AUSTRALIA

ANZ slashes oil forecast

ANZ has officially joined the "lower for longer" group, with the bank making a substantial 20-30% revision in its crude oil price forecasts over the next two years as it believes the widening in the global oil surplus position will likely take longer to unwind.

ANZ slashes oil forecast

ANZ Research's commodity strategist Victor Thianpiriya said key producers were battling for market share, creating an inelastic supply response to lower prices for both Brent and West Texas Intermediate crude.

"We think that WTI will trade down to below $US40/bbl over the next six months, before supply-side constraints start to be felt," he said.

With neither OPEC nor the US showing signs of blinking first, the bank expects oil production will flood the market before production is curbed significantly.

Shale operators in the US, on balance, seem to have only decreased production marginally since the decline in the oil price in 2014.

The industry in general has adjusted to lower prices by selling assets, paying down debt, hedging forward production, and importantly, becoming much more efficient.

"Many are knuckling down for a prolonged period of lower prices.

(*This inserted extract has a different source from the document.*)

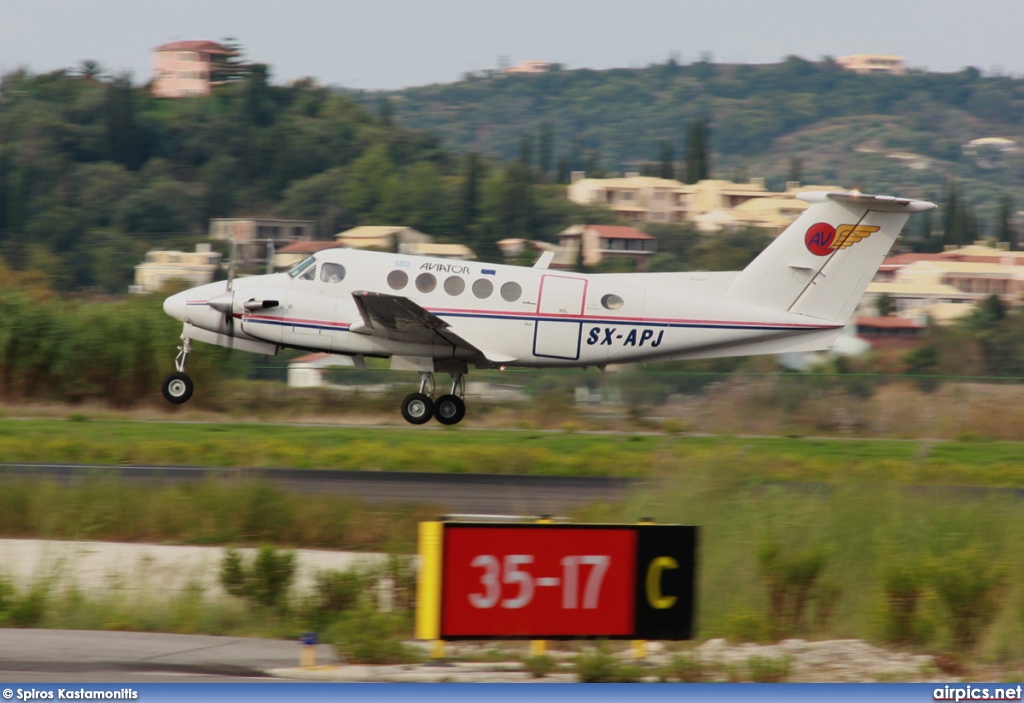 SX-APJ, Beechcraft 200 Super King Air, Aviator Airways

So much so that overall production from key US shale fields has actually increased this year from 12.4 million barrels of oil per day in January (5.2 MMbbl of oil and 7.2MMboe of natural gas) to 12.7MMboe in October, according to EIA data," the bank said in yesterday's research note.

Production guidance for the next few months seems to confirm that there has been only a mild supply-side response from the producers thus far and production levels should remain very strong over the next quarter.

In particular the 10 largest independents in the US shale oil plays of the Bakken Shale, Eagle Ford Shale and the Permian basin slow limited scaling back of production.

"Despite pullbacks in capital expenditure in the low price environment, many of these companies have found significant efficiencies, enabling them to continue expanding production," ANZ said.

"The third quarter production updates due in October/November will give us more clues as to company plans going forward."

December's OPEC meeting should also offer an interesting data point.

Whatever happens around the cartel's board table, the supply/demand balance is expected to be in surplus for at least the next 18 months, ANZ said, with an oil surplus of 2.9MMbopd, the highest level since 1998.

The EIA believes the current oversupply is the widest the surplus will get.

"It is tempting to think that the worst for prices is behind us (but) while the surplus is still expected to persist through 2016, we think that more concrete signs that the market is balancing will be required before prices can stage a sustainable recovery," Thianpiriya said.

Sharp, rapid declines in prices may be less common going forward, but a slow grind lower should be expected.

Plans for concerted action to raise prices from OPEC, driven by Venezuela, are unlikely to result in a backdown, and Iran has up to 50MMbbl in storage to dump into the market as soon as it can.

Meanwhile, Goldman Sachs continues to roll out bearish predictions for oil prices. The latest from the investment bank is that oil prices could remain below $US50/bbl for 15 years, dipping as low as $US20/bbl.